PROMPT:
The lines to retype run from the one containing "2026年最新】creative drug store ラグの人気アイテム - メルカリ" through the end of the listing below. Reproduce them exactly, leaving out pictures.

TASK INPUTS:
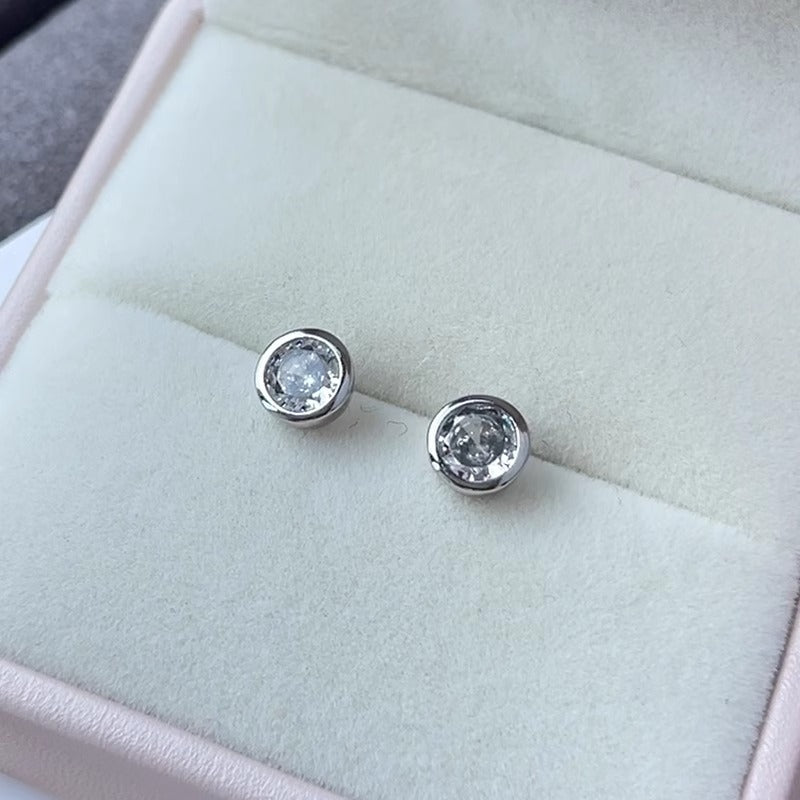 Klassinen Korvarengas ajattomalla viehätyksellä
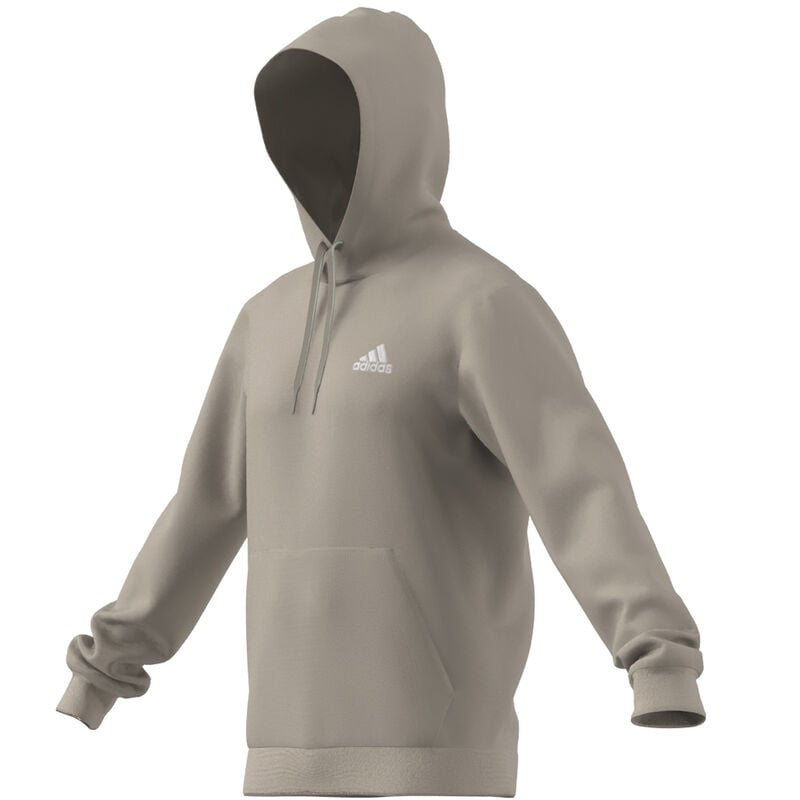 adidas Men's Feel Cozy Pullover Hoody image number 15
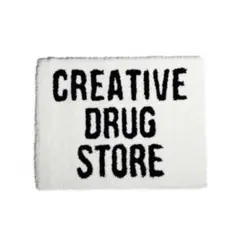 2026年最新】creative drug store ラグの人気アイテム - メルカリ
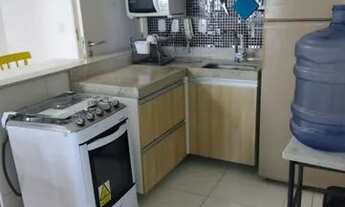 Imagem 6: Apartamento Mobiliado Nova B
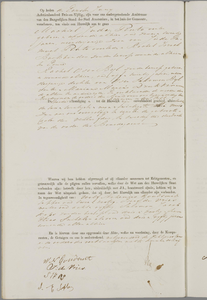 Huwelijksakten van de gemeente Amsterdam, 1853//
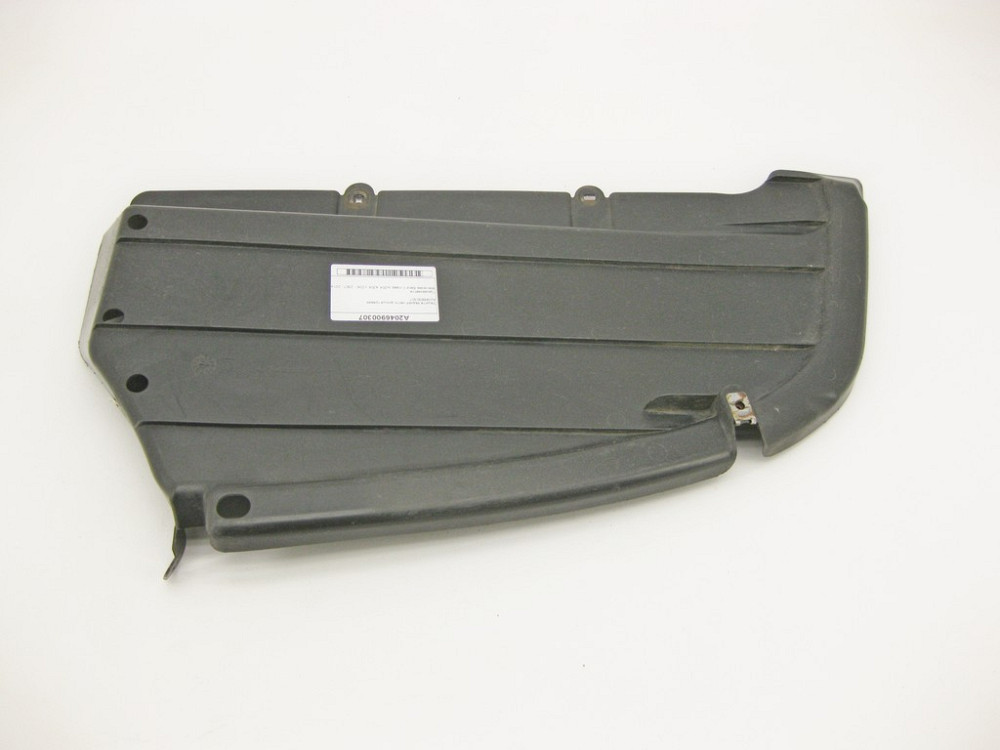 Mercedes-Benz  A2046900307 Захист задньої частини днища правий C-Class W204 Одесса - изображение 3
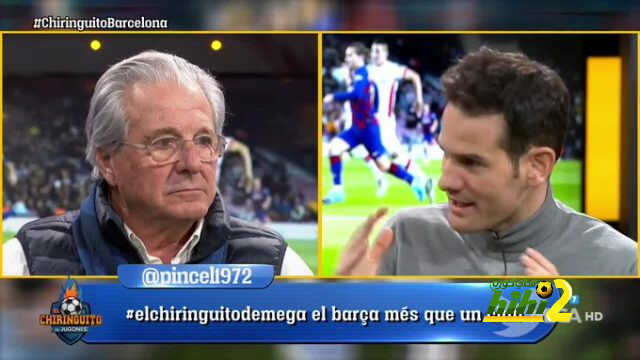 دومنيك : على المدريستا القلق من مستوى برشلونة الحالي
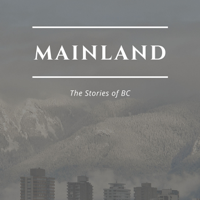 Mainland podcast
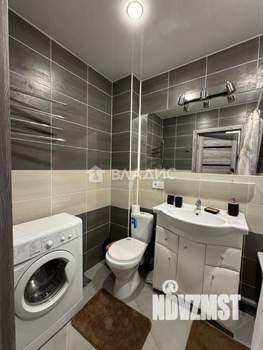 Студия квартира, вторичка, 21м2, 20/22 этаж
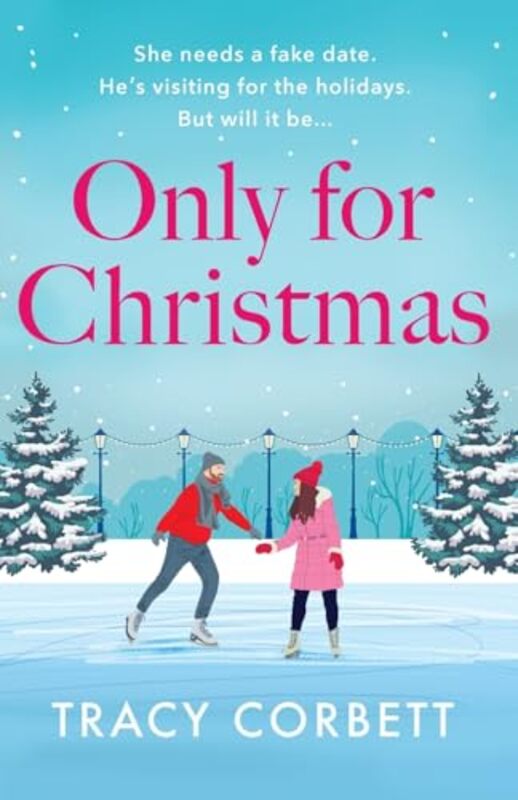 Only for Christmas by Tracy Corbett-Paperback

OUTPUT:
 2026年最新】creative drug store ラグの人気アイテム - メルカリ
 Imagem 6: Apartamento Mobiliado Nova B
 Huwelijksakten van de gemeente Amsterdam, 1853//
 Mercedes-Benz  A2046900307 Захист задньої частини днища правий C-Class W204 Одесса - изображение 3
 دومنيك : على المدريستا القلق من مستوى برشلونة الحالي
 Mainland podcast
 Студия квартира, вторичка, 21м2, 20/22 этаж
 Only for Christmas by Tracy Corbett-Paperback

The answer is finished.